### Items listed in a dataset
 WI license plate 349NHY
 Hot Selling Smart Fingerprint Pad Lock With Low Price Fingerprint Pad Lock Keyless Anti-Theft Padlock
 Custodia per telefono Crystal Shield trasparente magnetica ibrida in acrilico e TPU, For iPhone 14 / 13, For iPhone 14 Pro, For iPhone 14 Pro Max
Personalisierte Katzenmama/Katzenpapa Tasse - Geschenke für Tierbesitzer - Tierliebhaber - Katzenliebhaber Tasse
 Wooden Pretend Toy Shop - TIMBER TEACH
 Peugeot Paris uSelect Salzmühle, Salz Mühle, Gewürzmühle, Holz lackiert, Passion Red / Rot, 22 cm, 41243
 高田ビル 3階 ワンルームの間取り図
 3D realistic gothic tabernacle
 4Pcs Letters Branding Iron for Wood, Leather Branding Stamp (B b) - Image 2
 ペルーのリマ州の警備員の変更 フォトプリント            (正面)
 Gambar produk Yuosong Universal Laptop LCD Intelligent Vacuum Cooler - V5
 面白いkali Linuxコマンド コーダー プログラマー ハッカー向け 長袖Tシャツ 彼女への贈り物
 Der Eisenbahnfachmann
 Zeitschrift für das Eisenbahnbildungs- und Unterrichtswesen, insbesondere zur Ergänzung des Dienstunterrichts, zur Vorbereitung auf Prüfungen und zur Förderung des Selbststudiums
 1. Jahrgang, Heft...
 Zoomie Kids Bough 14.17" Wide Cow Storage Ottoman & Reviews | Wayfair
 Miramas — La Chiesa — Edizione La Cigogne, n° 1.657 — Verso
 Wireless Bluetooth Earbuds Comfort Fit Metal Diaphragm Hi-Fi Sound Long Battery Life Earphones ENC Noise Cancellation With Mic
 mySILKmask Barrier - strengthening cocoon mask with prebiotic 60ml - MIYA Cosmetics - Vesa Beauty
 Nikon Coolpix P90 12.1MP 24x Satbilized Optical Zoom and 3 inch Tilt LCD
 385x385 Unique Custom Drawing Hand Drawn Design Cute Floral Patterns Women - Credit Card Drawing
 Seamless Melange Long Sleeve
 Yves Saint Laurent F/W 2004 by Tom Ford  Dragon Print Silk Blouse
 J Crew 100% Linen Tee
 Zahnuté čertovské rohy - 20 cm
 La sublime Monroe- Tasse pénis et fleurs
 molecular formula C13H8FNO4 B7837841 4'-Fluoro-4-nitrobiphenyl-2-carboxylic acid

### Required action
Would you print all of the records exactly as they were given?

### Exercise solution
 WI license plate 349NHY
 Hot Selling Smart Fingerprint Pad Lock With Low Price Fingerprint Pad Lock Keyless Anti-Theft Padlock
 Custodia per telefono Crystal Shield trasparente magnetica ibrida in acrilico e TPU, For iPhone 14 / 13, For iPhone 14 Pro, For iPhone 14 Pro Max
Personalisierte Katzenmama/Katzenpapa Tasse - Geschenke für Tierbesitzer - Tierliebhaber - Katzenliebhaber Tasse
 Wooden Pretend Toy Shop - TIMBER TEACH
 Peugeot Paris uSelect Salzmühle, Salz Mühle, Gewürzmühle, Holz lackiert, Passion Red / Rot, 22 cm, 41243
 高田ビル 3階 ワンルームの間取り図
 3D realistic gothic tabernacle
 4Pcs Letters Branding Iron for Wood, Leather Branding Stamp (B b) - Image 2
 ペルーのリマ州の警備員の変更 フォトプリント            (正面)
 Gambar produk Yuosong Universal Laptop LCD Intelligent Vacuum Cooler - V5
 面白いkali Linuxコマンド コーダー プログラマー ハッカー向け 長袖Tシャツ 彼女への贈り物
 Der Eisenbahnfachmann
 Zeitschrift für das Eisenbahnbildungs- und Unterrichtswesen, insbesondere zur Ergänzung des Dienstunterrichts, zur Vorbereitung auf Prüfungen und zur Förderung des Selbststudiums
 1. Jahrgang, Heft...
 Zoomie Kids Bough 14.17" Wide Cow Storage Ottoman & Reviews | Wayfair
 Miramas — La Chiesa — Edizione La Cigogne, n° 1.657 — Verso
 Wireless Bluetooth Earbuds Comfort Fit Metal Diaphragm Hi-Fi Sound Long Battery Life Earphones ENC Noise Cancellation With Mic
 mySILKmask Barrier - strengthening cocoon mask with prebiotic 60ml - MIYA Cosmetics - Vesa Beauty
 Nikon Coolpix P90 12.1MP 24x Satbilized Optical Zoom and 3 inch Tilt LCD
 385x385 Unique Custom Drawing Hand Drawn Design Cute Floral Patterns Women - Credit Card Drawing
 Seamless Melange Long Sleeve
 Yves Saint Laurent F/W 2004 by Tom Ford  Dragon Print Silk Blouse
 J Crew 100% Linen Tee
 Zahnuté čertovské rohy - 20 cm
 La sublime Monroe- Tasse pénis et fleurs
 molecular formula C13H8FNO4 B7837841 4'-Fluoro-4-nitrobiphenyl-2-carboxylic acid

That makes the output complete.